From the photo, you can see how nicely lit up the shed is, and the oscillating fan now in place. It’s warmed up enough to require ventilation. In the later afternoon, I crawled up the ladder and make the over head electrical cable more secure and added drip loops, and strain reliefs. Because I got a feeling that wiring is not going to be as temporary as I first thought.
The area show in this picture is where the first work bench is going. It’s the best wall in the place and I can’t imagine having almost eight feet of excellent work counter after all these years. And enough storage space to have several projects at once without having to clear a space. This work shed might must soon be necessary for my psycho-mo-logical well-being. I think some of the deleted passages from the Bible have things to say about every man gets the workshop he deserves. Something like that.
ADDENDUM
In the meantime, I’ve been practicing what Ray-B said, lead breaks on the bass. Anybody who has noticed that lead breaks are essentially series of simple riffs strung together knows the approach, but the bass is short one octave. Variety is harder to achieve than the guitarist who moves the same riff up three or four times. On the bass, if you follow the rule of sticking to bass and avoid the really high frets, leaves you two octaves. And guitar patterns won’t work because there is no offset B string on the bass.
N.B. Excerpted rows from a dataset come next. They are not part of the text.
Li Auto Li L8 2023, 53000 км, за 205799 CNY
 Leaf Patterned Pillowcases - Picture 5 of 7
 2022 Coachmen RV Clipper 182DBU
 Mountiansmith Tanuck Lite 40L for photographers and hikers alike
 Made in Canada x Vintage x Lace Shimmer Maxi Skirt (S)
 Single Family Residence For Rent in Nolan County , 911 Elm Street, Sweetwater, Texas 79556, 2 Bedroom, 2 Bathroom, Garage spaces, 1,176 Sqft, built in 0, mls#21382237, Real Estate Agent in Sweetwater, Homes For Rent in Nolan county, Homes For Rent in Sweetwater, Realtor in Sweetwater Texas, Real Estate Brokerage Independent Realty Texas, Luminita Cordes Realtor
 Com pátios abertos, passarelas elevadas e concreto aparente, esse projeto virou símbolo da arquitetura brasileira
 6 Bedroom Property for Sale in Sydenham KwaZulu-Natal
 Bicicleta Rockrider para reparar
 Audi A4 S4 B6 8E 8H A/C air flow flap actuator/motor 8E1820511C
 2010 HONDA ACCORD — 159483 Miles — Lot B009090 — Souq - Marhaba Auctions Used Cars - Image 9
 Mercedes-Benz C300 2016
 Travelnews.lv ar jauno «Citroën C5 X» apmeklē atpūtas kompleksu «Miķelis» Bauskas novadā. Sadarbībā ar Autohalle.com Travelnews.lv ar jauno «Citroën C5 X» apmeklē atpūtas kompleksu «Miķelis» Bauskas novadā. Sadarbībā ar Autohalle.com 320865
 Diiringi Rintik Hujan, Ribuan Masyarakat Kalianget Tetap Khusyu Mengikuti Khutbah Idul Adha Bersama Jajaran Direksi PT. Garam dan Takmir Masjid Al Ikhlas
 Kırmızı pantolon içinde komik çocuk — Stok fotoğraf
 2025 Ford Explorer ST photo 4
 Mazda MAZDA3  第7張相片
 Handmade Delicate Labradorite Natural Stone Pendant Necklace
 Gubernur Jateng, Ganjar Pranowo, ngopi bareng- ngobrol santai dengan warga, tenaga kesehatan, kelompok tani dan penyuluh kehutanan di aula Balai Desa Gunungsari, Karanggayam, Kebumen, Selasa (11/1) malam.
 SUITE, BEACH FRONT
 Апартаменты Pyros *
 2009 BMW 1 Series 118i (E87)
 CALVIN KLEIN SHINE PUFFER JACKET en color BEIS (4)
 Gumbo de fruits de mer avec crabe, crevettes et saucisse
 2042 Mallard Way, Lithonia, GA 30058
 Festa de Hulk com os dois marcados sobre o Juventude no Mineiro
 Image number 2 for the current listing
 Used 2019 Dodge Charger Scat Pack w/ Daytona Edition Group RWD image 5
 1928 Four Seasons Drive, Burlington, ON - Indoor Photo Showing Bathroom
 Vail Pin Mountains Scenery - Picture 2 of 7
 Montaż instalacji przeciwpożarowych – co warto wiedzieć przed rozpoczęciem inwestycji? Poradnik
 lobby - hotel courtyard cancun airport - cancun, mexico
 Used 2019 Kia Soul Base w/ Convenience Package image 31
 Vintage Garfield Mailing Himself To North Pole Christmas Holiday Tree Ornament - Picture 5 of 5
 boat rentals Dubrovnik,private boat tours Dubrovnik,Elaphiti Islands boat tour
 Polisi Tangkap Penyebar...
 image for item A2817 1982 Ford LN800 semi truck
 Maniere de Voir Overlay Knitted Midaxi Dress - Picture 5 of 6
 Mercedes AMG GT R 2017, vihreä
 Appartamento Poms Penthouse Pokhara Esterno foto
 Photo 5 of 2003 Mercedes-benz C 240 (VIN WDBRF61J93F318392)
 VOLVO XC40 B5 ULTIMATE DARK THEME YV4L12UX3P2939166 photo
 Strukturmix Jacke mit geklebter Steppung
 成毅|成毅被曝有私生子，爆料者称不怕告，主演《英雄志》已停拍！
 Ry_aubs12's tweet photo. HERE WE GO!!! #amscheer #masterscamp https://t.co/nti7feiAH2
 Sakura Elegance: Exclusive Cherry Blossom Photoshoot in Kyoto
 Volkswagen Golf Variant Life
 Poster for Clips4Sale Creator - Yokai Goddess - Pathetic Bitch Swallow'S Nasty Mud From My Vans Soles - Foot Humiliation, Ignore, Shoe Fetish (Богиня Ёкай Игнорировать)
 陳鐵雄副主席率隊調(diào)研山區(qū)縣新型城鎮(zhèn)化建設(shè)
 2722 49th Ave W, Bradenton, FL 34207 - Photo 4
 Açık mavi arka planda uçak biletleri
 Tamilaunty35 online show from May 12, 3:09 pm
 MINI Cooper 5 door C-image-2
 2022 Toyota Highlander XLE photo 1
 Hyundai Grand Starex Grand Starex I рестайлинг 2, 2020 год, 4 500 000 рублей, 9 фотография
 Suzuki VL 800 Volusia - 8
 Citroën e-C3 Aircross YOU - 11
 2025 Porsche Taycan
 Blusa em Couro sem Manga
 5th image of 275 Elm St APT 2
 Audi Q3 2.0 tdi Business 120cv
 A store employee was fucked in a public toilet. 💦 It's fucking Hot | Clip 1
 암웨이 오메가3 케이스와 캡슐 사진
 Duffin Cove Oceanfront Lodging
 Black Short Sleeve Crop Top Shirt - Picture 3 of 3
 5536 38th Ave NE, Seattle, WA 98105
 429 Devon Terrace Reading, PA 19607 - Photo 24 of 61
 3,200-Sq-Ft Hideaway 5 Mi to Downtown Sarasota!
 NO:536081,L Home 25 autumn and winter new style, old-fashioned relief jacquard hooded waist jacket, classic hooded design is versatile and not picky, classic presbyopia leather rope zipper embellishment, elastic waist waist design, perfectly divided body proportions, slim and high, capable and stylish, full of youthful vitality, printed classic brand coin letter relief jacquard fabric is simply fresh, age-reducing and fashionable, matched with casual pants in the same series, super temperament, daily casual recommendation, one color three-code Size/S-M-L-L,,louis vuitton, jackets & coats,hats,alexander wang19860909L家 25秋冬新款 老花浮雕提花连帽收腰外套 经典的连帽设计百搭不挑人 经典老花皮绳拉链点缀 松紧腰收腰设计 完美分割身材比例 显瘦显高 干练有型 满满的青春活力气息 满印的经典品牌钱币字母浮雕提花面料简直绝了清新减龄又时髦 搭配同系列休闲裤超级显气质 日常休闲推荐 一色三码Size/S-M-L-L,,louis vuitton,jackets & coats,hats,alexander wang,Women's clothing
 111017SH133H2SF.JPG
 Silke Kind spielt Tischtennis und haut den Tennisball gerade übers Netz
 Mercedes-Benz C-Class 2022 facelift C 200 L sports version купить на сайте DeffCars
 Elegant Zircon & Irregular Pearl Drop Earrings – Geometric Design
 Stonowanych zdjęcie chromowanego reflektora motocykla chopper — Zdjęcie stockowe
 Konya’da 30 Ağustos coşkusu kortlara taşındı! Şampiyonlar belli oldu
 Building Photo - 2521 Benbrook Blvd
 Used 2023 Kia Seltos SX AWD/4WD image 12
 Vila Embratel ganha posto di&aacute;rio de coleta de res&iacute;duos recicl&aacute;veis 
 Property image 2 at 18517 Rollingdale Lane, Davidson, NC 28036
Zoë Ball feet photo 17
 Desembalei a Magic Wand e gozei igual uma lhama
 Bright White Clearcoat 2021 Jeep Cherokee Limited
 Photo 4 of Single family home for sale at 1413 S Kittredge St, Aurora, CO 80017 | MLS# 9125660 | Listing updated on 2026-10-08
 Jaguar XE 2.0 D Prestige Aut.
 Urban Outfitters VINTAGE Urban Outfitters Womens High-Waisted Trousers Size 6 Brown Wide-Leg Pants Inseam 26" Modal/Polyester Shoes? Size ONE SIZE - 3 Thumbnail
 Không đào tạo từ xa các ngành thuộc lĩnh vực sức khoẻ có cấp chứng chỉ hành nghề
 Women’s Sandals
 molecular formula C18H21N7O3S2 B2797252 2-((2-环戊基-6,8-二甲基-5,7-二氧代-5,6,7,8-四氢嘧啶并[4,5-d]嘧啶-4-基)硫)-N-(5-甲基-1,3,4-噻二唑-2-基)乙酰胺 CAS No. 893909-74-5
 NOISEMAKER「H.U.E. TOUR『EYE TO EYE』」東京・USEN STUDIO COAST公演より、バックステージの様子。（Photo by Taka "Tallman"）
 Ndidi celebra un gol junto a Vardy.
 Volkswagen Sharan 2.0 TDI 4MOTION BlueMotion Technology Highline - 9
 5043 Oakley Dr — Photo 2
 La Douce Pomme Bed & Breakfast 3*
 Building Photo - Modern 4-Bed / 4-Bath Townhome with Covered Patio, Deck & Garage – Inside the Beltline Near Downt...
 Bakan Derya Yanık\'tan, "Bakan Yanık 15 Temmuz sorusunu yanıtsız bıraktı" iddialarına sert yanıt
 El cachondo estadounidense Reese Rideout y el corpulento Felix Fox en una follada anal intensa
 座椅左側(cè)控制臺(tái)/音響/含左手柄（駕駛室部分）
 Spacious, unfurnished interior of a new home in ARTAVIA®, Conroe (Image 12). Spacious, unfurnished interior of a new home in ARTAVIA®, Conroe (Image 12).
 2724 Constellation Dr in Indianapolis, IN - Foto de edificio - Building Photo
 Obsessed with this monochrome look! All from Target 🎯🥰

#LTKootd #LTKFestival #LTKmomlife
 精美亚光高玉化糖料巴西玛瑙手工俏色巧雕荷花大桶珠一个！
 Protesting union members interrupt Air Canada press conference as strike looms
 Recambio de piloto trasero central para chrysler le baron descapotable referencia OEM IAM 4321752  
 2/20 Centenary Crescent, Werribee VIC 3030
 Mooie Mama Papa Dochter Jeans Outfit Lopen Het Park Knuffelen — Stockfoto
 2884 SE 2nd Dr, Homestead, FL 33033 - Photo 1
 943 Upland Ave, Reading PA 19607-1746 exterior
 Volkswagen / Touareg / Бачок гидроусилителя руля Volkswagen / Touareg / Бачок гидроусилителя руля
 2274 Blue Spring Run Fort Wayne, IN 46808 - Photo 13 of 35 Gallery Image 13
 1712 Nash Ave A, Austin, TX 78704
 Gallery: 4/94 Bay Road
Before I continue with music, here is a late shot of the flooring in the shed up to when I knocked off for the day. Yes, I’m using the old and stained blocks for the areas that will be under the work counters. Notice I found a use for that bag of Jenga blocks. This is just a test, these blocks are coming out again if they continue to rock without settling by tomorrow. At least this floor is never going to rot.
Hey, Patsie, Ken, Theresa, Hector, and Wallace, the floor in my back shed is more famous than everything you’ve done in your miserable lives combined. I thought I’d point that out because you still think you are right and I am wrong. Did you know that when I die, my lawyer has instructions to release your full identities to the world? It’s your only chance of ever being remembered. It isn’t pretty and you know, between the lot of you, there isn’t a damn thing you can do about it. You don’t have the brains. And in most cases, the looks, either.
Back to music. So what I did was diagram the two top guitar strings and superimposed them on a schematic of the bass, then memorize the notes. Since I can’t do the octave trick, I used a series of descending bass riffs as passing notes between the two octaves I can use. If I use the third octave, the notes are too high and the bass “dance” feel of the music is lost. Just like I don’t let guitar players lose the rhythm for the sake of some ornamental picking, I don’t allow the bass to drop any roots or fifths that would miss a root or fifth. It’s busy and reserved for bassists with a complete command of the fretboard.
However, unlike most guitarists, I can play both at the same time, the style I call “rhythm bass”. I know the seven riffs that guitarist play and told you of my sabotage “play ahead” dirty trick I pull on show-offs, but I’ve found if I’m doing any lead passages myself, only four or five of the riffs can be used on the bass. This is more limiting than it sounds.